Australian neobank Xinja has pulled the plug on its banking ambitions this week citing a tough capital raising environment caused by the global shutdowns that have been imposed by governments over the past 9 months.
Xinja was launched in May 2017 and had first-mover advantage in the Australian neobanking space offering current and savings accounts and more recently share trading to its customers.
However, Xinja ran short of that most precious of commodities for a start-up cash. Auditors warned the banking wannabe that for it to continue in business it needed to raise fresh funds something it was not able to achieve. The net result is that Xinja will hand back its deposit-taking licence and close all accounts on December 23rd.
It could have all been so different for Xinja had a proposed injection of cash from Emirate World Investments materialised in March. An investment of as much AUD433 million had been discussed but was ultimately not forthcoming.

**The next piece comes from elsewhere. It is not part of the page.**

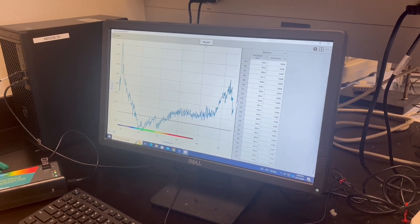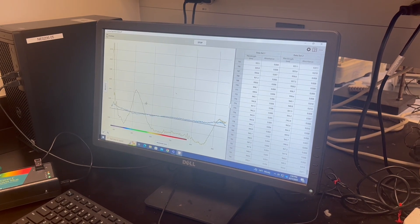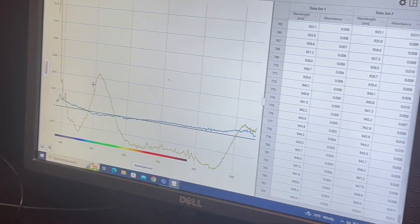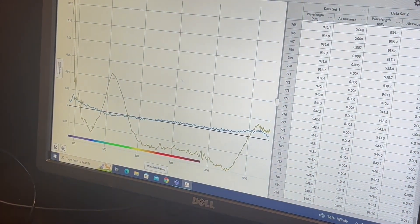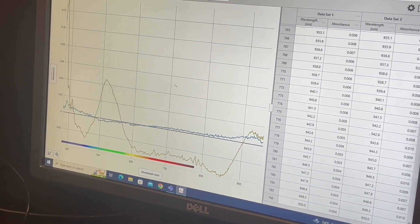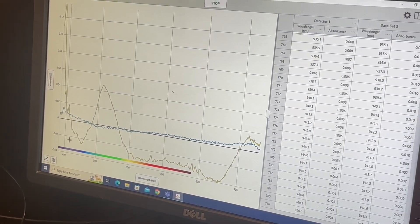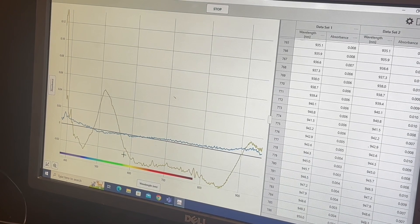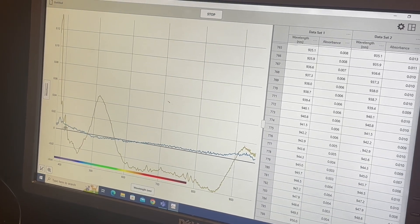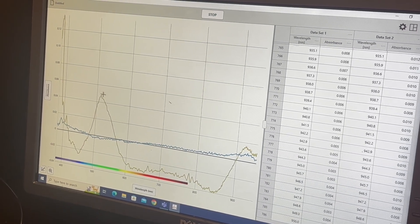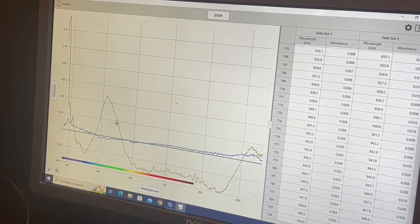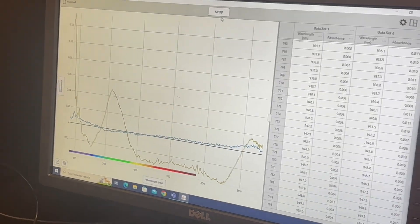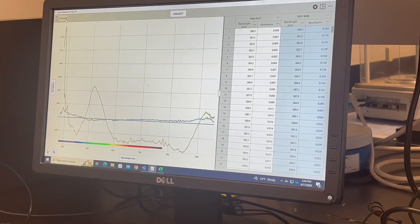Now you can go to collect. And you should see... I mean, this is a little bit lower of a baseline than I'd like to see. But you still see your lambda max in the right place. So once you have this data, you can stop.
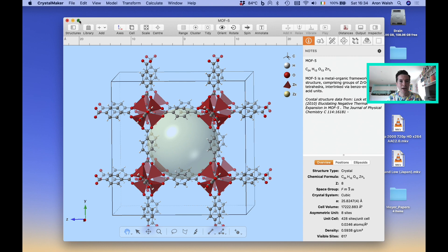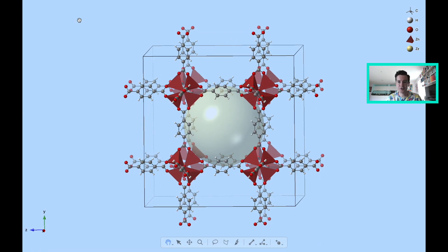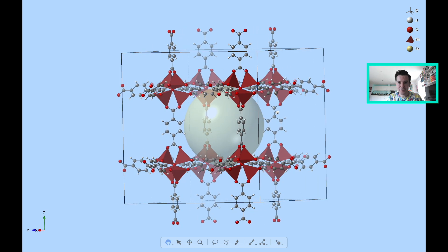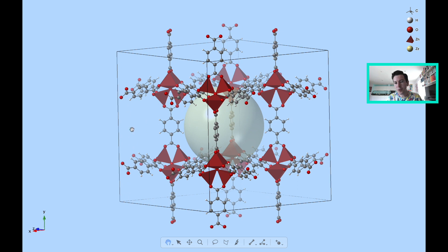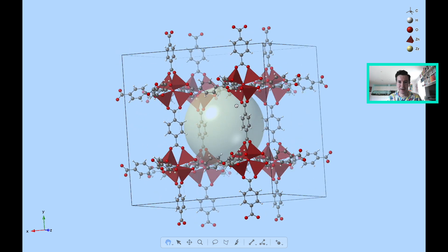Here is the crystal structure of MOF-5. This is one of the prototype metal-organic frameworks, synthesized and characterized by the group of Omar Yagi, who's now at UC Berkeley. You can see it's a very interesting structure. You have one building block based on benzene with two carboxylates, and then another building block based on these tetrahedra of zinc oxide, and you can see they're all connected in quite a special way.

Xinja posted a statement on its website confirming that it would cease operating as a bank. However, it’s not all over for the company as it hopes to refocus the business on its share dealing app Dabble. We haven’t seen Xinja’s books and have no knowledge of its cash burn rate but its perhaps telling that the no one step forward from Australia’s margin trading community to save the neobank. Despite the potential synergies and diversification that could have been achieved by doing so. Perhaps they weren’t invited to do so.
Making a quick delve into the archives of research house CB Insights one can find a long list of 2020 failures that contains names such as Atrium a $75.0 million legal tech business that folded in March. Despite having backers such as Andreessen Horowitz, General Catalyst and New Enterprise Associates. The business was once valued at as much as $250. Million. However much like beauty value is in the eye of the beholder.
Another sizeable casualty in 2020 was ScaleFactor a business which promised to revolutionise finance and accounting and which raised $100.0 million from its backers before shuttering in June having fallen short of sales targets and encountering reliability issues with its technology.
Even having a silicon valley insider in your camp is no guarantee of success it seems. Andy Rubin who is famously credited with creating the Android mobile phone operating systems and then selling the business to Google. Closed his Essential products start-up in February. The business was founded in 2017 but failed to launch a successful product after the failure of its Essential phone. A series of misconduct allegations against the founder also muddied the waters and probably contributed to the closure of the business.
The CB insights list goes on and on. In a report based on its finding the research house said that “In the spirit of failure, we dug into the data on startup death and found that 70% of upstart tech companies fail — usually around 20 months after first raising financing -with around $1.3M in total funding closed”
We don’t expect these sobering facts and stories to put off budding Fintech entrepreneurs but at least by reading about them they will have a clearer idea of the challenges that await them.